Legislator yang bersuara keras atas kasus ini pada dasarnya sedang mengirim pesan jelas: fakultas hukum yang melahirkan calon-calon penegak hukum dan pembuat kebijakan harus menjadi teladan, bukan malah menyembunyikan masalah di balik jargon integritas. Mereka mendorong agar kampus membuka diri pada pemantauan eksternal, bekerja sama dengan lembaga layanan korban, dan memastikan proses disiplin internal berjalan seiring proses pidana jika unsur-unsur tindak pidana terpenuhi. Tanpa itu, publik berhak meragukan keseriusan institusi pendidikan tinggi dalam memerangi kekerasan seksual.

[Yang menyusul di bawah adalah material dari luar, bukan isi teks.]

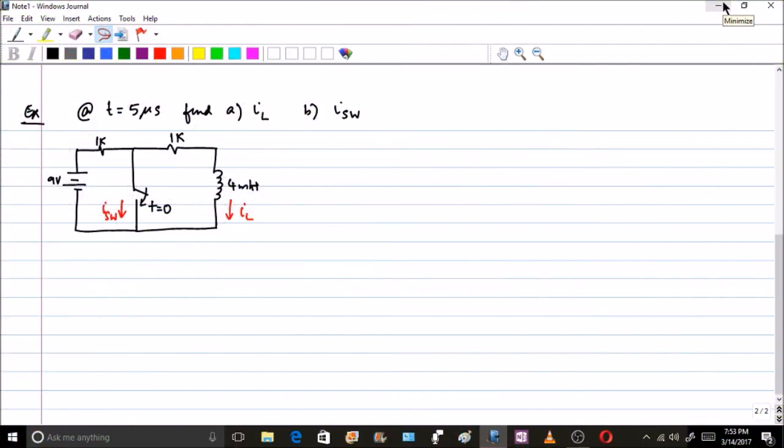Hello friends, in the previous two lectures we have been doing some problems on the source-free RL circuits.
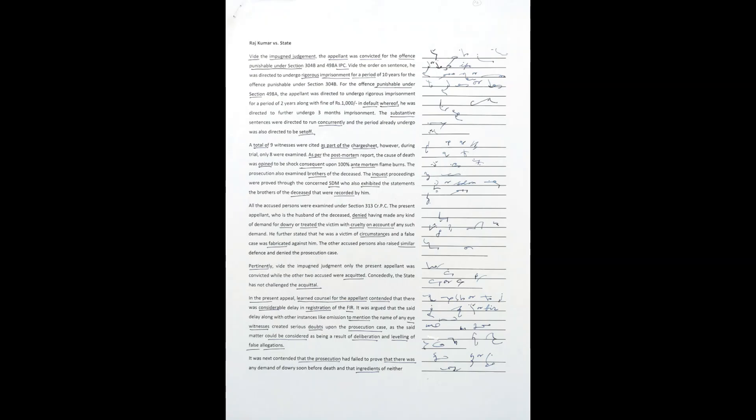In the impugned judgment, the appellant was convicted for the offense punishable under Section 304B and 498A IPC. The order on sentence directed him to undergo rigorous imprisonment for a period of 10 years for the offense punishable under Section 304B.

Pada akhirnya, kasus pelecehan seksual yang melibatkan mahasiswa FHUI ini bukan hanya soal pelaku dan korban, tetapi juga soal bagaimana negara, kampus, dan masyarakat memutus siklus kekerasan yang selama ini terlalu sering ditutupi. Jika semua pihak—legislator, pimpinan kampus, aparat penegak hukum, dan komunitas mahasiswa—berani berdiri di sisi korban dan menegakkan aturan tanpa pandang bulu, maka kasus ini bisa menjadi titik balik. Namun, jika kembali berakhir dengan sanksi minimal, mediasi tertutup, atau pelupa massal, yang hilang bukan hanya kepercayaan terhadap lembaga, tetapi juga harapan bahwa kampus bisa menjadi ruang aman bagi semua.